Quant à la problématique de spéculation (comme on l’a vu avec les nombreux NFT de mèmes, qui ont battu des records de vente), Stanislas Mako file sa métaphore avec l’art classique : les tableaux se vendent et se revendent sans cesse à travers le monde, “les onus, c’est pareil !”, enchaîne-t-il.
Toutefois, uTip et Kalart ont mis en place des garde-fous. Déjà, pas question de se reposer sur le bitcoin ou tout autre cryptoactif, les onus se vendront uniquement en euros ou dollars. Ensuite, “et c’est le plus important”, pour Stanislas Mako, toute revente de l’œuvre en question sera soumise à des commissions (10 %), qui seront directement versées aux créateurs.

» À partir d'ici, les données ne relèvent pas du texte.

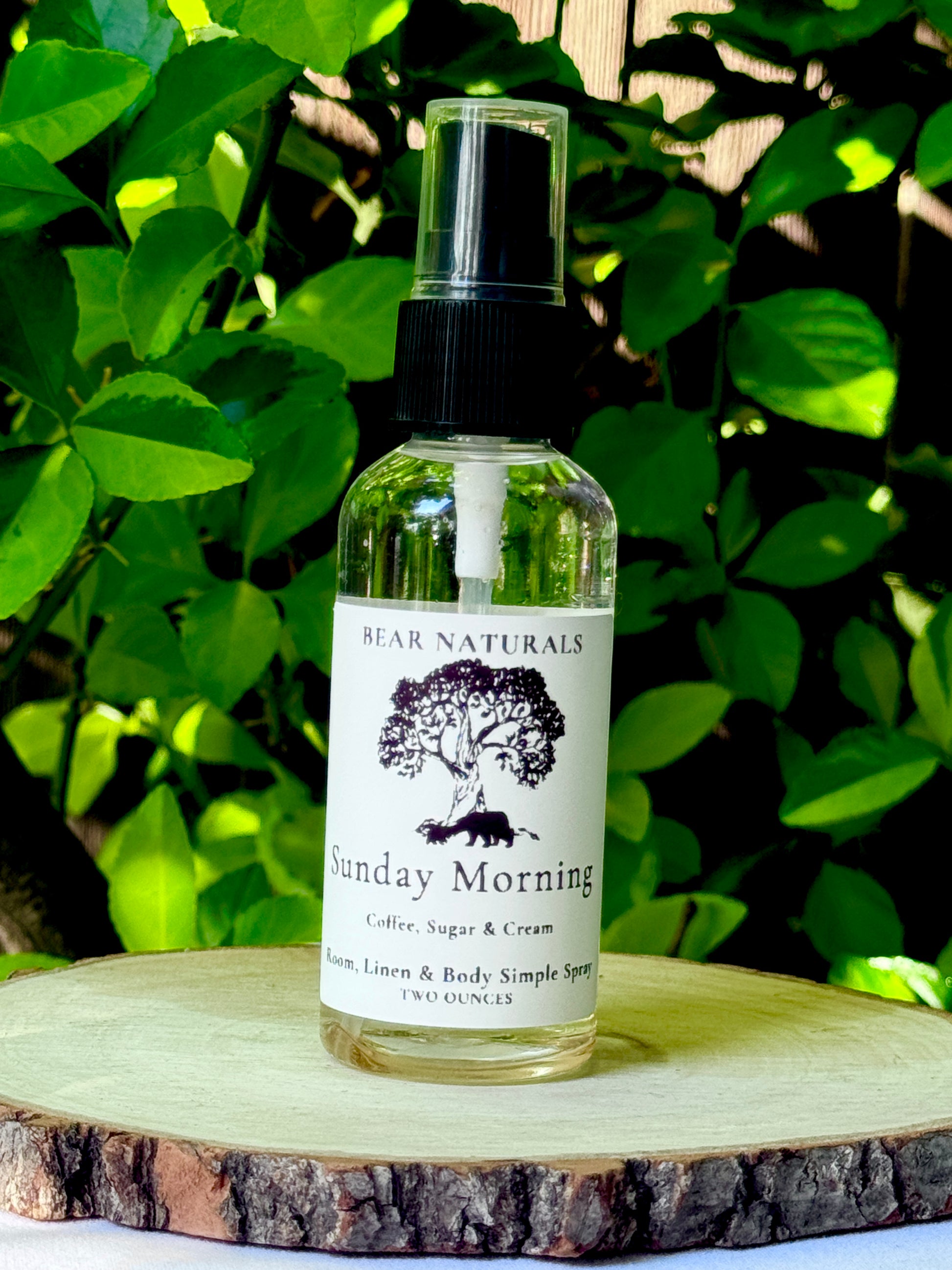A clear bottle with a black fingertip style spray nozzle featuring a white label with black writing on a wooden surface with green leaves in the background.
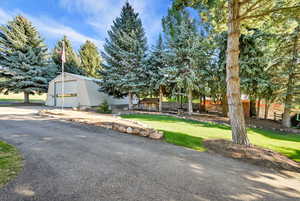 View of front of home featuring a front yard, a garage, and an outdoor structure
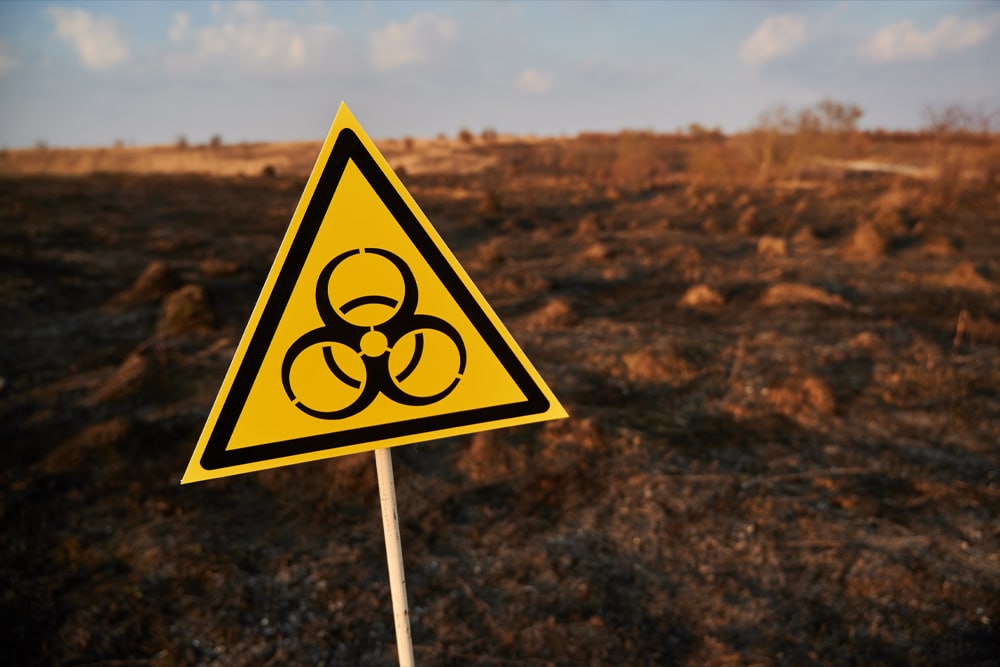 Biohazard sign in open field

Kalart n’est pas une plateforme “classique” de NFT. C’est une plateforme française (la première), avec tout ce que cela implique : des règles, des limitations, et surtout un objectif. Soutenir les créateurs reste l’ADN de Kalart, comme pour uTip, nous assure Stanislas Mako.
L’initiative a déjà le mérite d’exister. Il faudra encore voir son développement sur le long terme pour en juger l’efficacité. Dans les années qui viendront, les NFT prendront de plus en plus de place, sauf, peut-être, si le marché des cryptomonnaies s’effondre complètement.